With respect to the foregoing, the Company acknowledges and agrees that, it is
aware that some of the Buyers of the Securities may have the same investment
advisor or "sub-advisor" and that, based on such limited relationship alone,
such entities are not a group for the purposes of determining beneficial
ownership pursuant to Sections 13(d) and 16 of the 1934 Act. The Company hereby
indemnifies and holds each Buyer free and harmless in connection with any and
all liabilities, losses, costs and expenses, including, without limitation,
attorneys' fees and costs arising from or relating to claims made by any third
parties with respect to any and all purported violations by each Buyer under
Sections 13(d) and 16 resulting from a conversion(s) of Preferred Stock, unless
such claim arises from such Buyer's default of its obligations hereunder, or
representations or warranties contained herein.

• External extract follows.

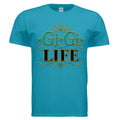 TROPICAL BLUE - G640 - FRONT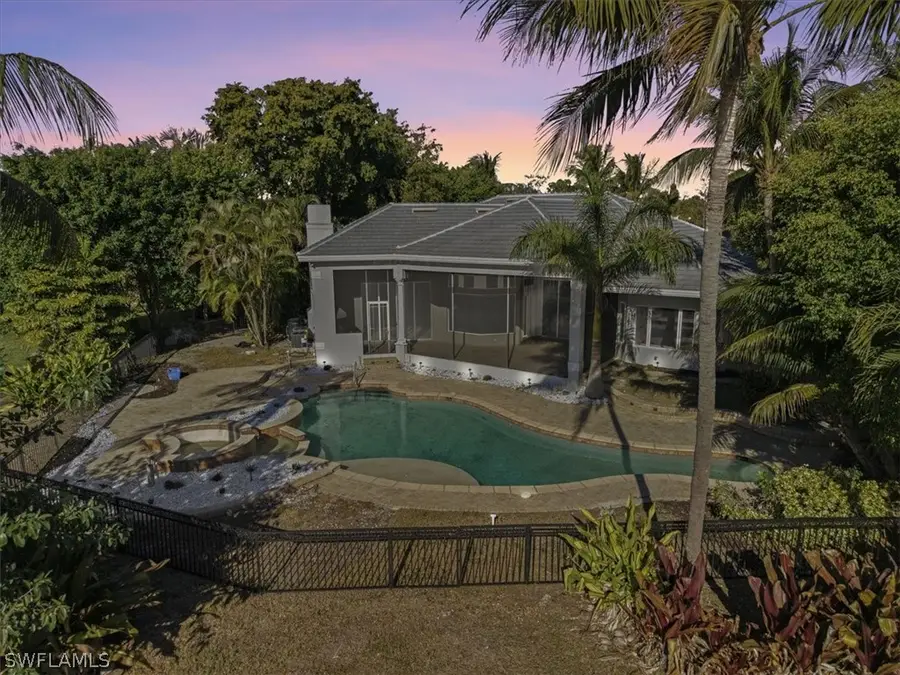 8620 Glenlyon Court, Fort Myers, FL 33912 - Image #2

j. Buyer represents that it neither is nor will be obligated
for any finders' fee or commission nor is it aware of any such fee or commission
payable in connection with this transaction other than as set forth on the Joint
Escrow Instructions (attached hereto as Annex II). Buyer agrees to indemnify and
to hold harmless the Company from any liability for any commission or
compensation in the nature of a finders' fee (and the costs and expenses of
defending against such liability or asserted liability) for which such Buyer or
any of its officers, partners, employees, or representatives is responsible.
3. COMPANY REPRESENTATIONS, ETC.
The Company represents and warrants and hereby covenants and
agrees with each Buyer that:
a. Concerning the Preferred Stock and the Shares. The
Preferred Stock has been duly authorized and, when issued, will be duly and
validly issued, fully paid and non-assessable and will not subject the holder
thereof to personal liability by reason of being such holder. There are no
preemptive rights of any stockholder of the Company, as such, to acquire the
Preferred Stock or the Shares.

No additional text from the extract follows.